Extracted data:
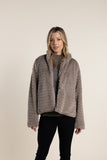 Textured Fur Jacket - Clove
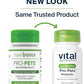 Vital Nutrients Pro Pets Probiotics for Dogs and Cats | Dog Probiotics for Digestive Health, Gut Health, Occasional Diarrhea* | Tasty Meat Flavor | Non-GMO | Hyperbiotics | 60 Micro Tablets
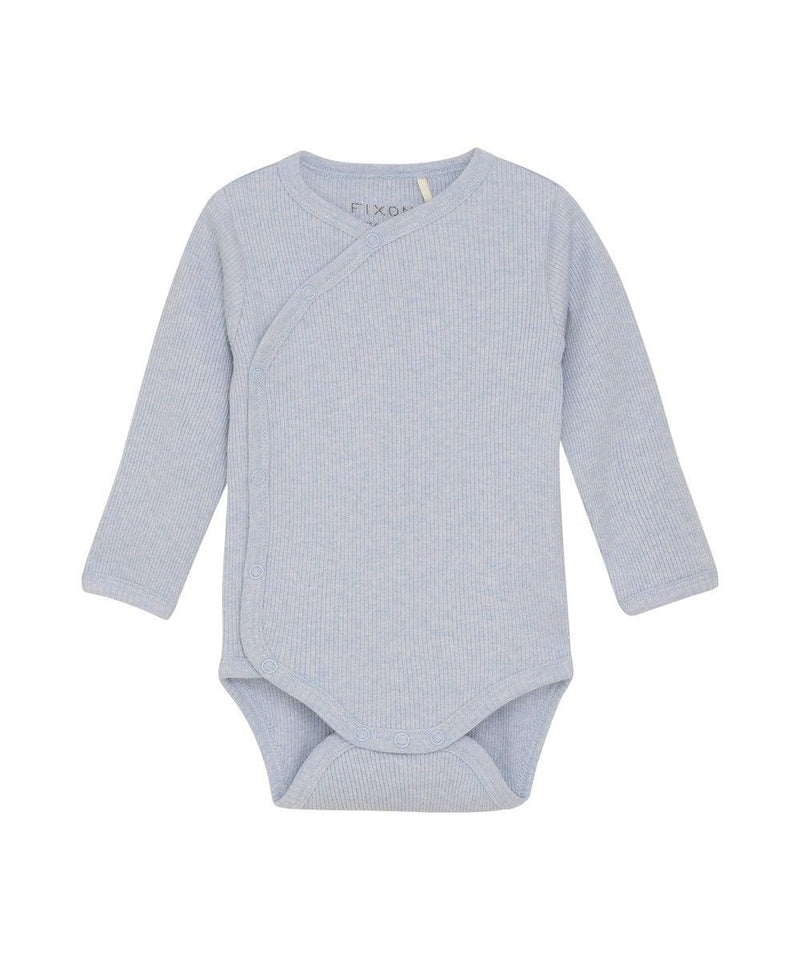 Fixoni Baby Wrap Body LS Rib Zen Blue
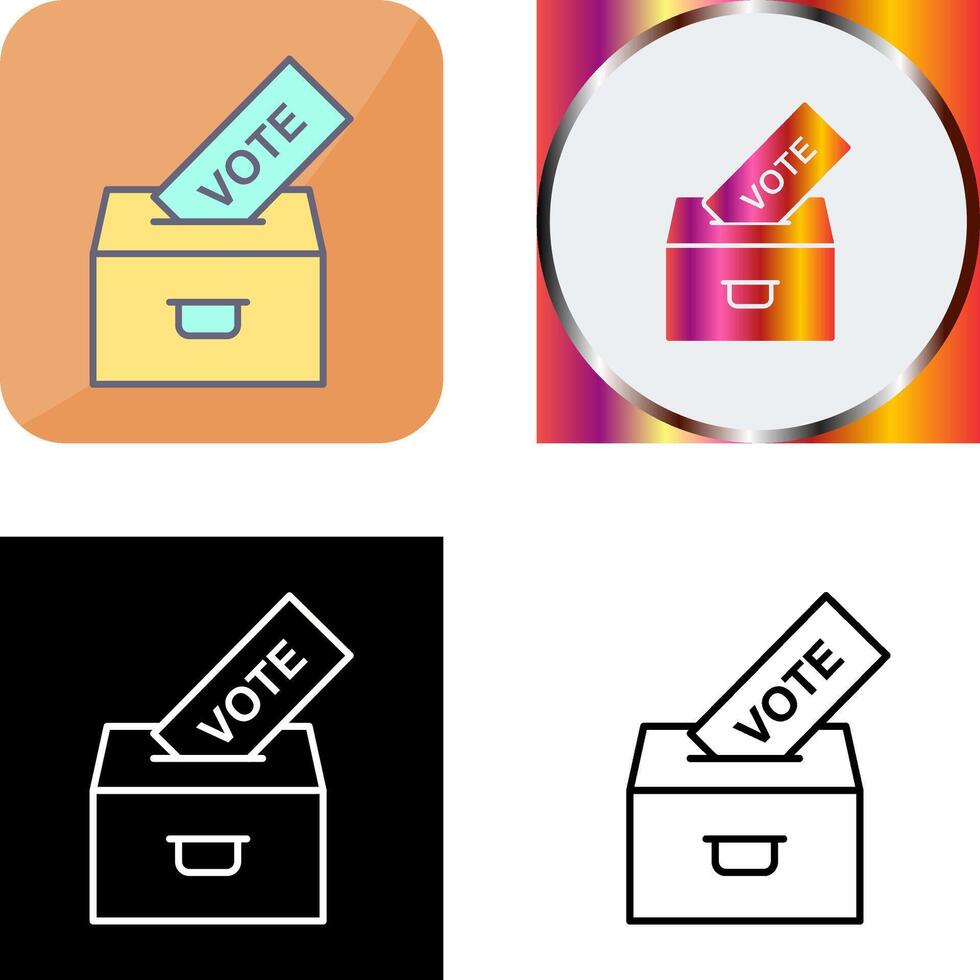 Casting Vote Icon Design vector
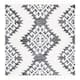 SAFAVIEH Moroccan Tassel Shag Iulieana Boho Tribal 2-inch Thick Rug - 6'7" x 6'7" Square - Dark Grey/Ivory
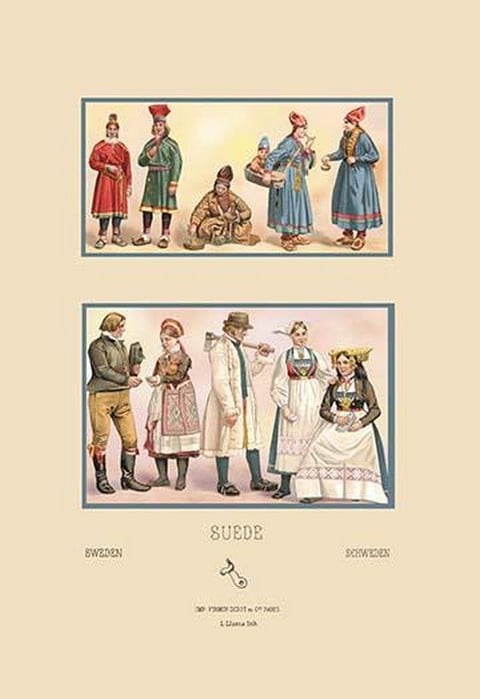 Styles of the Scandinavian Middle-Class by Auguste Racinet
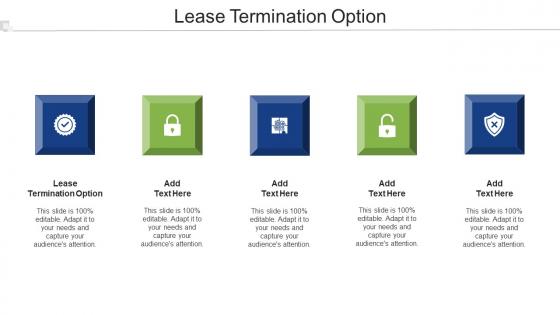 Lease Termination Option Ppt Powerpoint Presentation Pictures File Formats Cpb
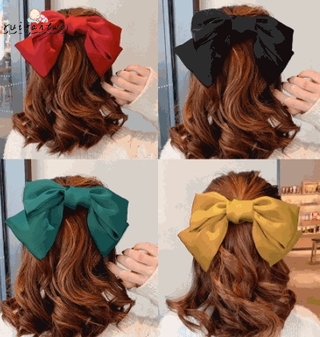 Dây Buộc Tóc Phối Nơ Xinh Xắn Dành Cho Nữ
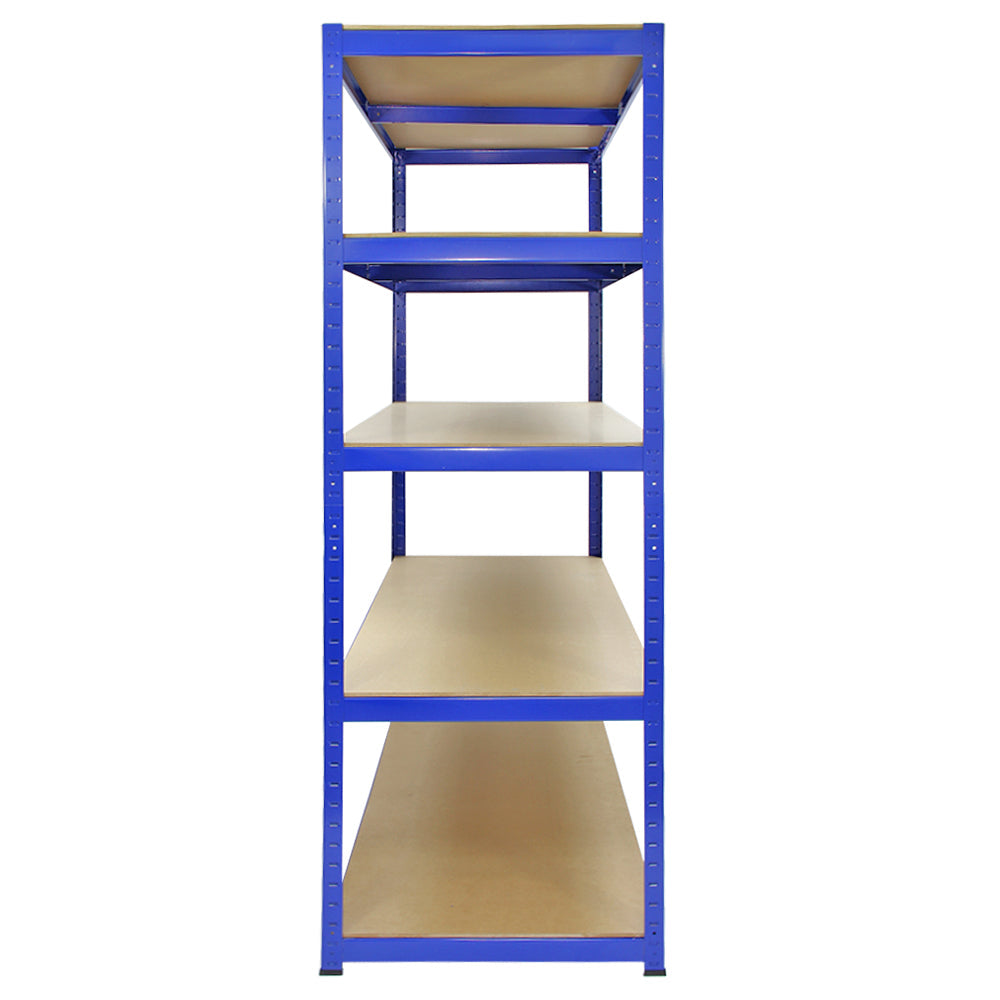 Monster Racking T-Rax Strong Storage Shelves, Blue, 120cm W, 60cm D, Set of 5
---
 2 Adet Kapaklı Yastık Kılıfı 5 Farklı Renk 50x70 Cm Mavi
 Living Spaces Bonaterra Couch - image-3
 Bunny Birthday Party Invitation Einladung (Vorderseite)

Assignment: What is needed is an exact copy of only the lines above from the one with "Lease Termination Option" to the one with "Monster Racking T-Rax", both kept, with every picture left out.

Solution for this exercise:
 Lease Termination Option Ppt Powerpoint Presentation Pictures File Formats Cpb
 Dây Buộc Tóc Phối Nơ Xinh Xắn Dành Cho Nữ
 Monster Racking T-Rax Strong Storage Shelves, Blue, 120cm W, 60cm D, Set of 5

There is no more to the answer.